INSTRUCTIONS TO FOLLOW:
A faithful copy of the data is what is wanted, minus any pictures.

AVAILABLE DATA:
- - - -
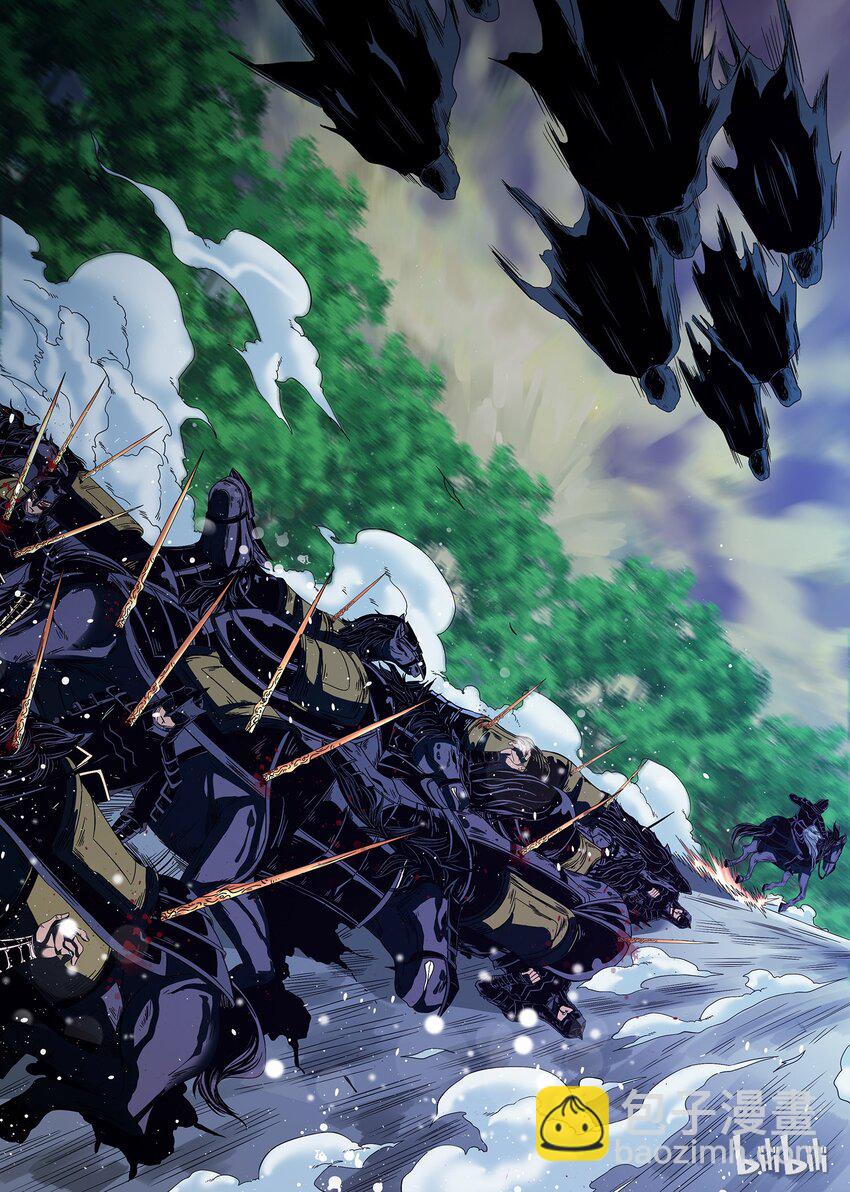 《极品仙侠学院》35 逃亡 2 第7页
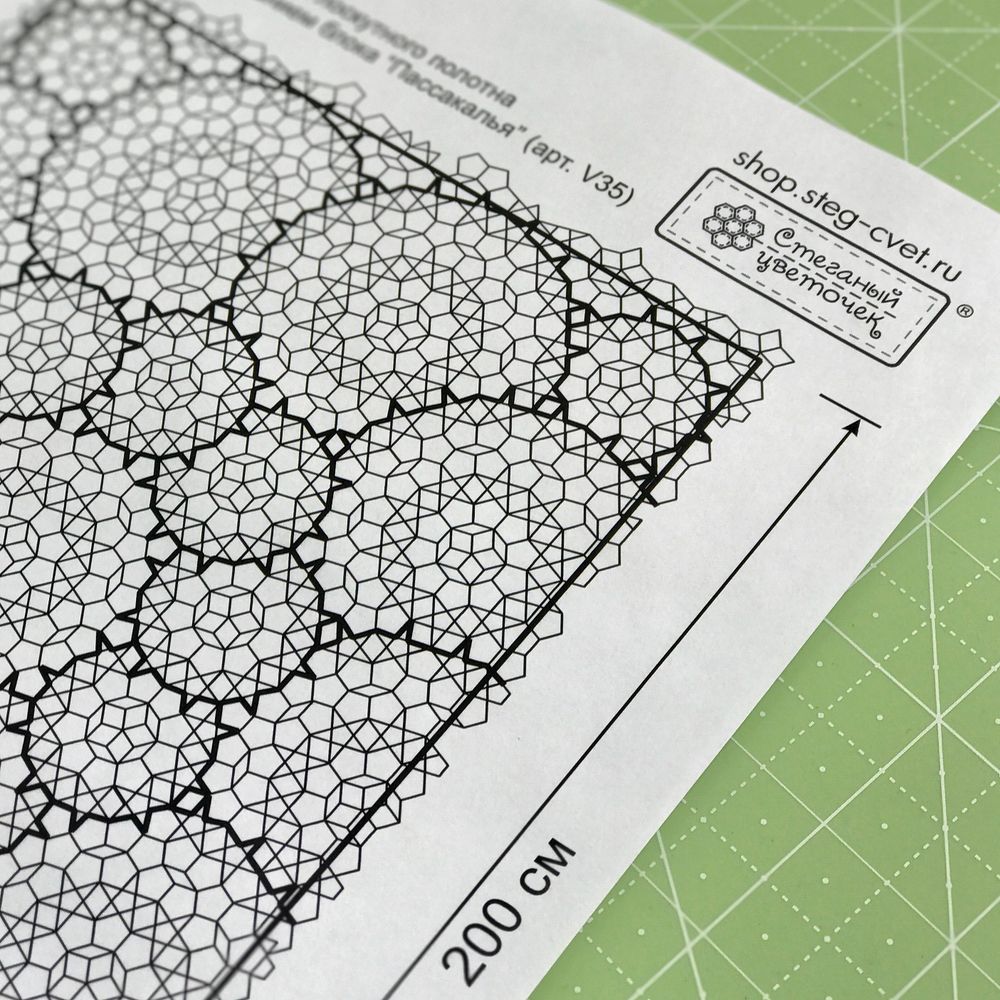 "Пассакалья" 630 мм  (арт. V35)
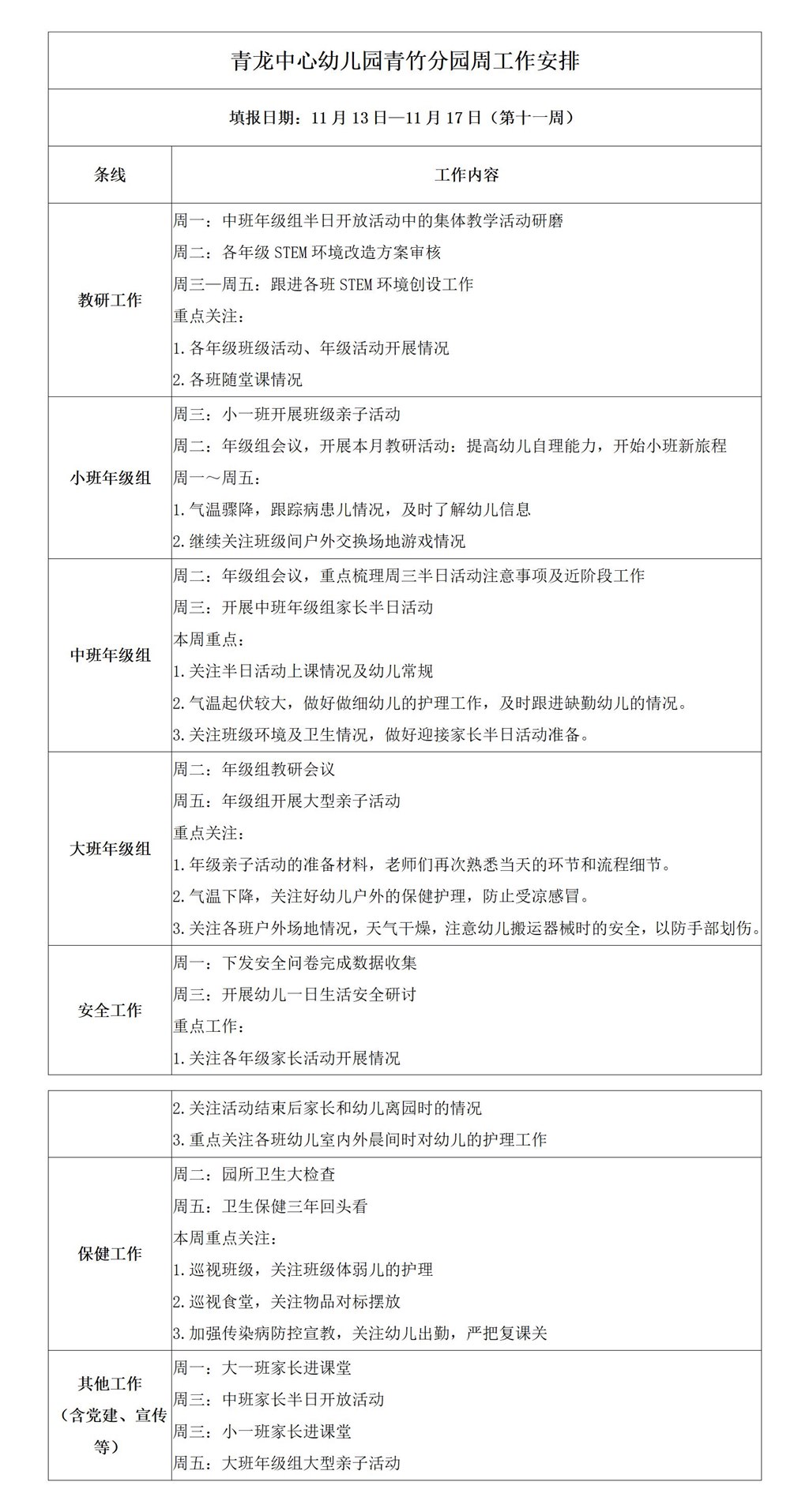 第十一周工作安排.jpg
- - - -
ANSWER SPACE:
 《极品仙侠学院》35 逃亡 2 第7页
 "Пассакалья" 630 мм  (арт. V35)
 第十一周工作安排.jpg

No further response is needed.